Cuento las cosas que hago y casi siempre me terminan diciendo que me tengo que calmar. ¿En serio? ¿La gente tiene idea de cómo sería si no me entretuviera y cansara y ocupara? Si de por sí ya me cuesta acallar la mente.
Lucho constantemente contra mi natural inclinación a sentarme a observar crecer las hojas de los árboles. Si por mí fuera, dejaría que me llevaran la comida, preferiblemente a la boca, me vistieran y me trataran como gato egipcio. Pero, como al lado de ese ser huevón existe un motorcito que no para, resulta que me lleno de actividades, como si estuviera compensando.
Y así, termino cansando.

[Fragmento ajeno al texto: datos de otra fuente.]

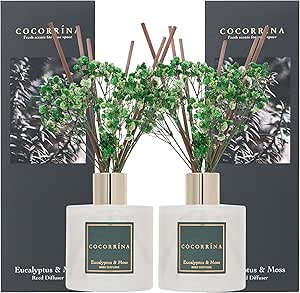 Cocorrína Reed Diffuser Set - Eucalyptus & Moss Reed Diffuser 2 Packs 6.7oz Scent Fragrance Oil Diffuser for Bedroom Bathroom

Cansando a la gente a la que monto a mi barco de actividades, a la que embauco con hacerme caso de mis horarios descabellados, a la que tiene que vivir conmigo. Porque nunca es suficiente. Si corro dos kilómetros, la vez siguiente tengo que poder correr cuatro. Si hago tres veces karate, tengo que poder hacer cinco. Si horneo una docena de galletas, aprovecho y hago cien. Docenas.
Nunca es suficiente. No sé si eso me ayude a vivir más cosas en la vida, o simplemente a gastármela más rápido.
Alguna vez, me gustaría no tener ese impulso. Y no hacer nada. Pero no hacer nada como nadie jamás en el mundo lo ha hecho. Obvio el problema.